Exercise:
For this task, extract exactly the lines of the data below, from the line containing "FULL CAMPER 😁😁😁#BGMI#RJGAMINGISLIVE#DAY" through the last one, with pictures left out.

Given records:

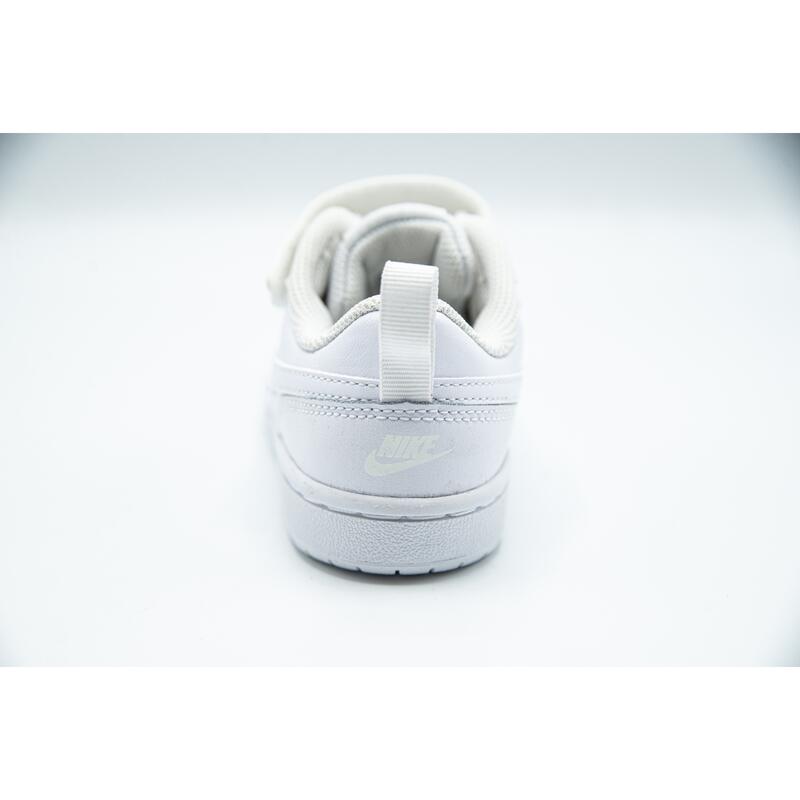 Pantofi sport copii Nike Court Borough Low 2, Alb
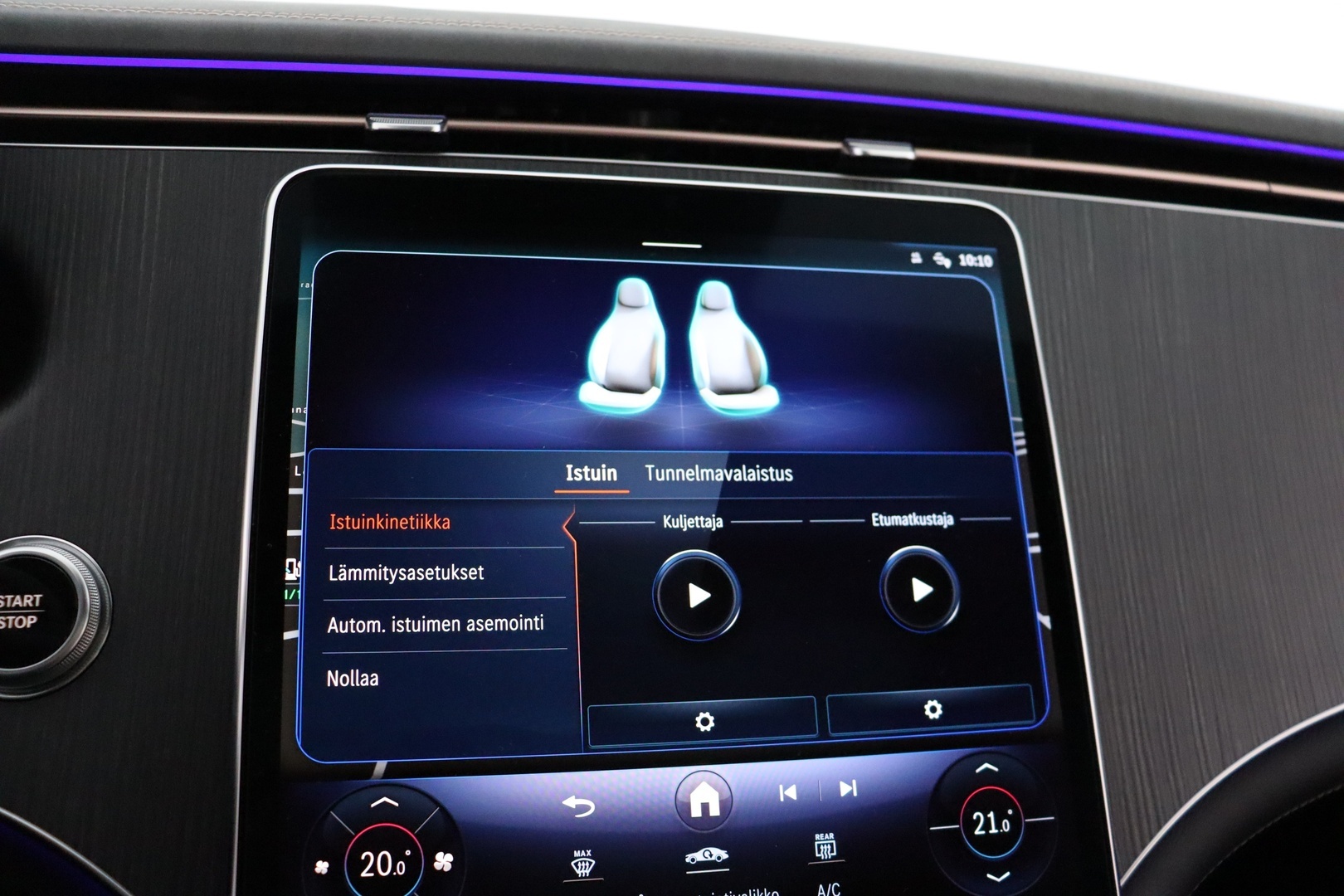 MERCEDES-BENZ EQS 2022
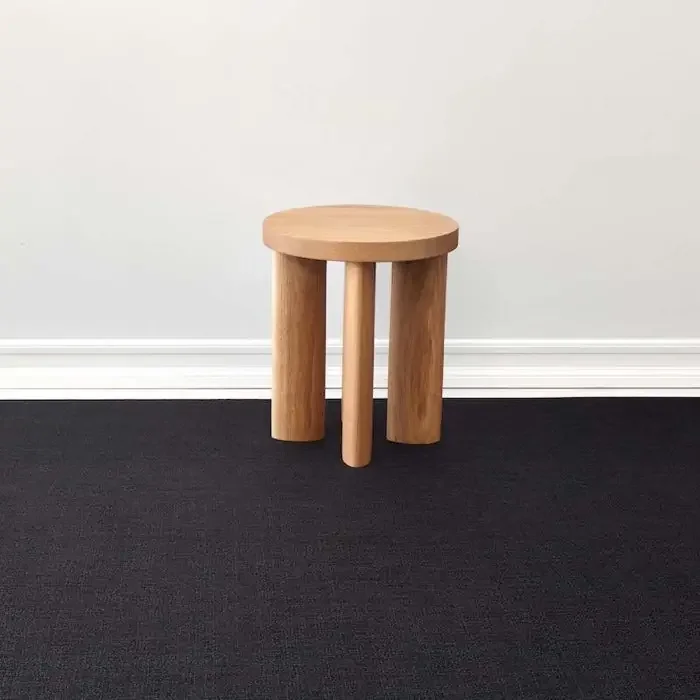 Chilewich Boucle Woven Rug (Noir)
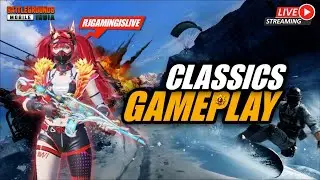 FULL CAMPER 😁😁😁#BGMI#RJGAMINGISLIVE#DAY 4 OF BECOMING CLASSIC PLAYER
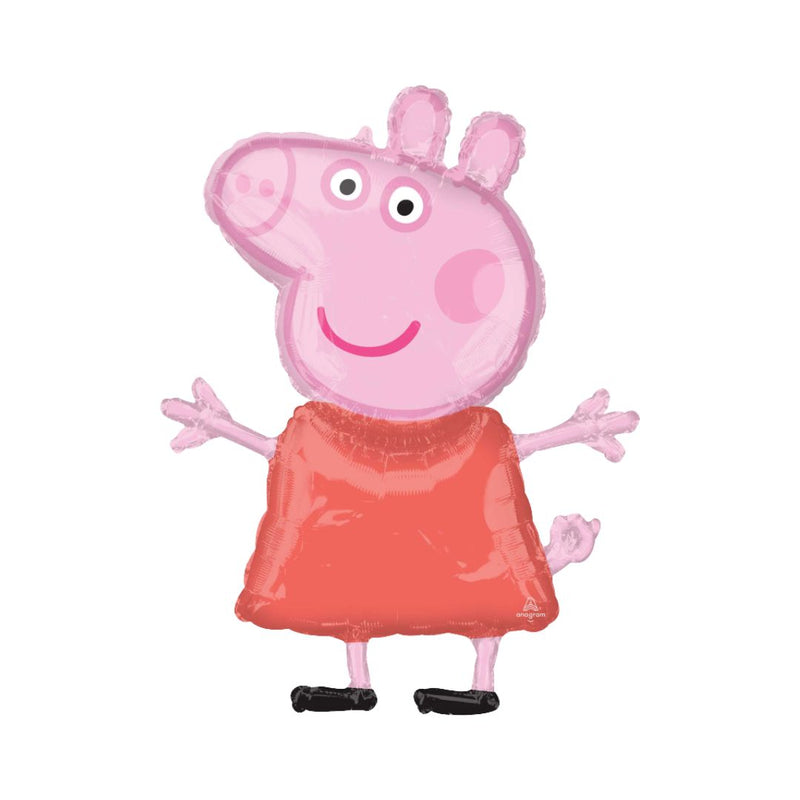 Balloon 63cm Peppa Pig Balloon Supershape
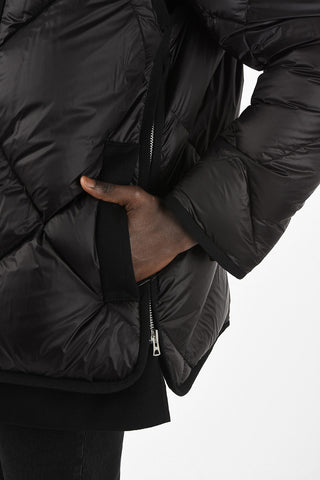 full zip Down jacket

Response:
 FULL CAMPER 😁😁😁#BGMI#RJGAMINGISLIVE#DAY 4 OF BECOMING CLASSIC PLAYER
 Balloon 63cm Peppa Pig Balloon Supershape
 full zip Down jacket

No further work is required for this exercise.